After Fame L.A. came 1999's Rescue 77, one of innumerable TV series produced by the late Aaron Spelling, who himself journeyed from Dallas to Hollywood in the 1950s with little money in hand. The hits he left behind include The Love Boat, Charlie's Angels and Dynasty

"I miss him a lot, man," Kane says of Spelling. "He was very nice to me. I always got in trouble on the set, so I'd have to go to his office. And he was like, 'We're not gonna do that anymore, are we?' I'd say no, and he'd say 'Great!' and he'd get up and give me a hug."

Kane says his troublemaking didn't amount to much more than always wanting to wear his hair different. "I was never difficult. Listen, every day on a set is a gift. The thing that most people forget in this business is that there's no reason to yell at anybody. There are 85 people on a set, and their sole job is to make you look good. So there's never a time to be pissed off."


Kane in character as Leverage's resident tough guy.

He bounced around after Rescue 77, playing Angelina Jolie's fiance in 2002's Life or Something Like It and getting cut up for real during a fight scene in the following year's Second Hand Lions. He had to grow a mustache to cover up the scar.

"Somebody threw a right when they were supposed to throw a left," Kane says. And it split my lip wide open."

It didn't curb his taste for faking his own fights, which he does without a stunt double in all 13 first-season episodes of Leverage.

"I'm not claiming to be a bad ass or anything, but I know what to do," Kane says, pointing to his background as a high school wrestler and occasional dabbler in martial arts. "In the case of Leverage, all of the fighting is a choreographed dance. And if you actually look at it, it's a very beautiful thing."

Before Leverage, Kane played Lindsay McDonald in 21 episodes of Angel (opposite his off-screen best friend David Boreanaz) and Jack Chase on CBS' Close to Home. The latter proved to be a throwaway part as the husband of prosecutor Annabeth Chase (series star Jennifer Finnegan). So Kane asked that his character be written out at the end of Season 1. The producers obliged with a fatal car wreck.

"I was upset because I was supposed to be a construction worker and a guitar player," Kane says. "And in the 10 of 22 episodes I was in, I didn't don a hard hat or a guitar.
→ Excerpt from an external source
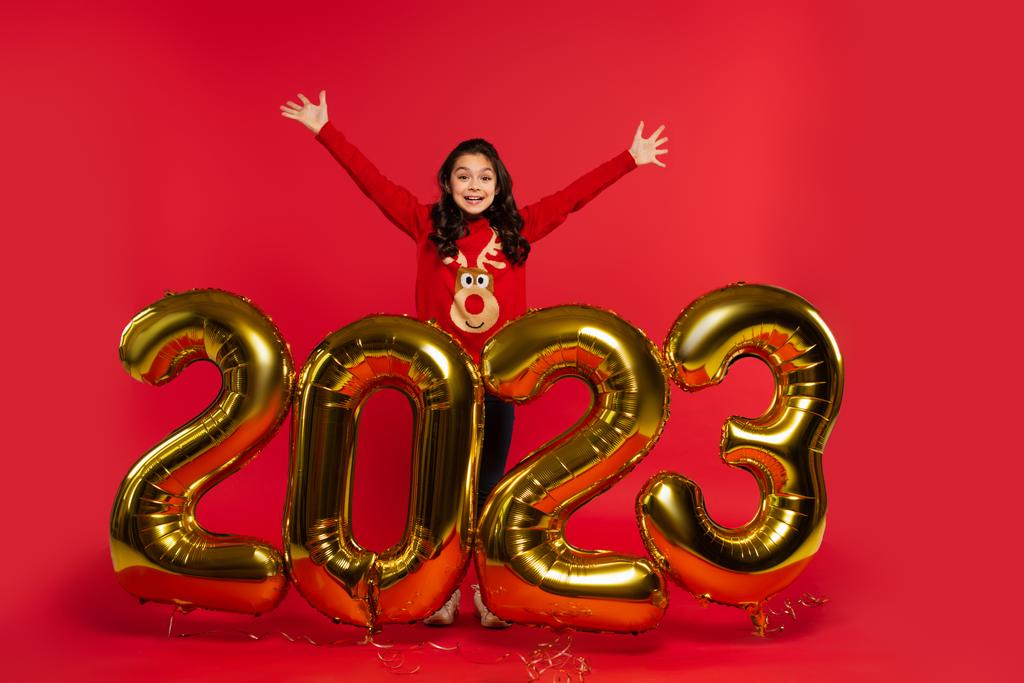 pleine longueur de fille excitée en pull debout près de ballons avec 2023 numéros sur rouge - Photo, image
So there were a lot of promises that were made to me that didn't work out because the show needed to go in another direction. I felt I was underused, but that's just how it goes. You accept the good with the bad."

Leverage, with Timothy Hutton as the marquee star, gives Kane "the coolest character I've ever had," he says. "I really feel like I've been studying 10 years to play this role. And TNT's the place for me, man. Their motto is 'We know drama.' They're not putting any of this reality bullshit on. I can't stand this reality crap. It's killin' Hollywood."

By that he means shows such as Survivor, America's Top Model and even America's Top Chef. But give him a cooking show and maybe he'll eat some of those words.

"That's my next goal," Kane says. "Me in the kitchen with maybe some other guests."

Meanwhile, Leverage will do.

"You work 9 to 5 and there's some fat cat up there that's doing illegal crap and they're protected by the law. What we're doing on this show is fighting for the person that's watching us," he says.

"I think if somebody looks at it that way they'll really sit back and enjoy the series. It's very smart television, but you don't have to be a rocket scientist to enjoy it. It really is a working man's show."